Current polling suggests the Democratic party could lose its House of Representatives majority in Congress in the November mid-term elections. High inflation is a millstone around the neck of Democrats and could hinger their prospects, especially as incomes have not caught up with price increases.
Financial markets tend to like congressional gridlocks since they mean limited political intervention in the business sphere. However, a gridlocked Congress could complicate policy responses and delay much-needed support in the case of a hard recession (not our main scenario). Political polarisation in the US could mean more battles around debt-ceiling deadlines and federal budget rollovers if the Republicans re-take the House.

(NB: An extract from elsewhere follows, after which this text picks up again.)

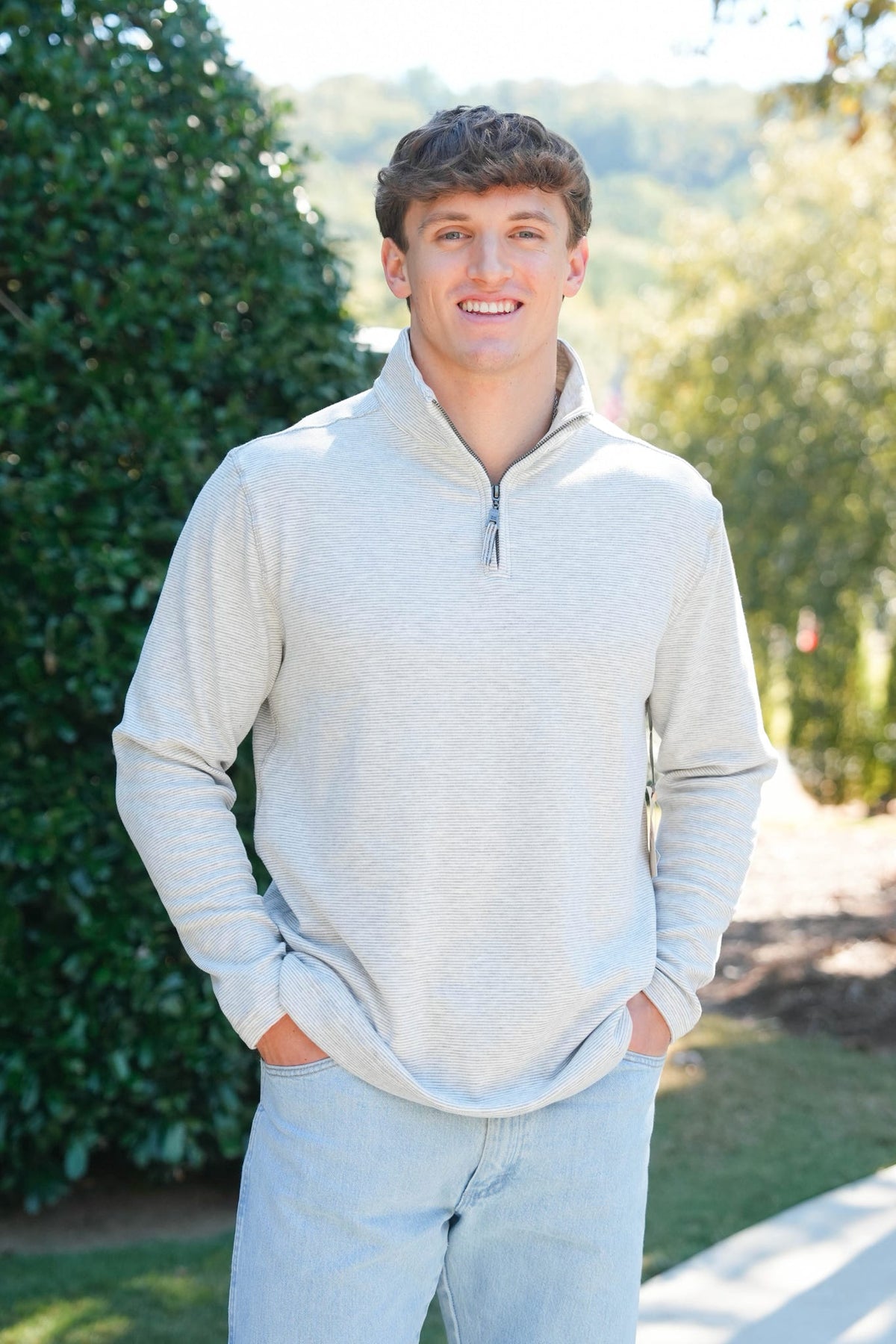 man in a heathered grey quarter zip outside 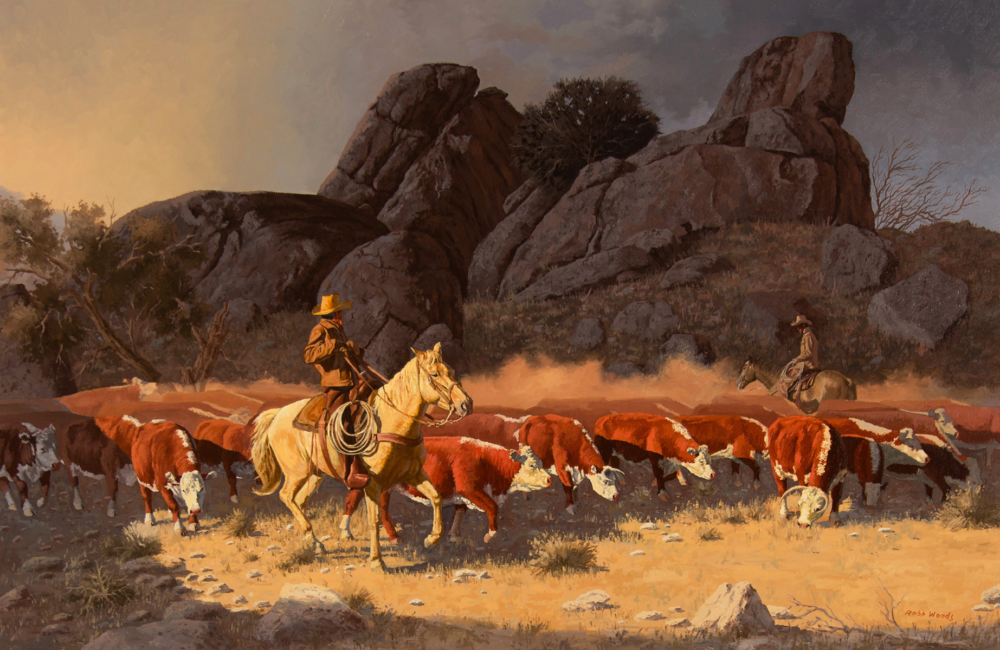 Two cowboys on horseback lead a long herd of red-and-white cattle across a dry, rocky plain with large desert boulders in the background.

The Federal Reserve continues to concentrate on backward-looking data such as high core consumer inflation and resilient monthly job growth numbers. At the same time, it is monitoring surveys like the University of Michigan’s consumer sentiment survey for insight into inflation expectations. These remain stubbornly high, with the preliminary October survey showing respondents expect annual consumer inflation to be 5.1% over the next 12 months.
Bottom line, we think the Fed will deliver another ‘jumbo’ 75bps rate hike at its next meeting on 2 November, six days ahead of the midterms. There are rising risks that the Fed will raise rates by a similar amount again in December, especially given the ongoing inertia in inflation data. In short, we do not think a policy pivot is imminent. Nonetheless, the pace and size of rate hikes already risks depressing demand in the economy more than is needed to contain medium-term inflation. Once one also takes into account the Fed’s quantitative easing, there is also the risk of causing liquidity problems in financial markets. In other words, the danger of a policy mistake should not be underestimated.
Based on 60 years of data, markets tend to better after midterm elections than before. The average price return for the S&P 500 is 19.8% (in USD) in the 12 months after midterm elections, versus +4.4% in the 12 months before. There is, however, an exception worth remembering this time around: statistical analysis suggests that when the Fed is in hiking mode, there is no tangible midterm boost to equity markets, whatever the outcome.
Overall, we do not think the midterms will have a significant impact this time around on the performance of the US equity market. We will continue to watch a host of other factors, including monetary policy, global geopolitics (especially the fragile US-China relationship) and stress in some local energy markets.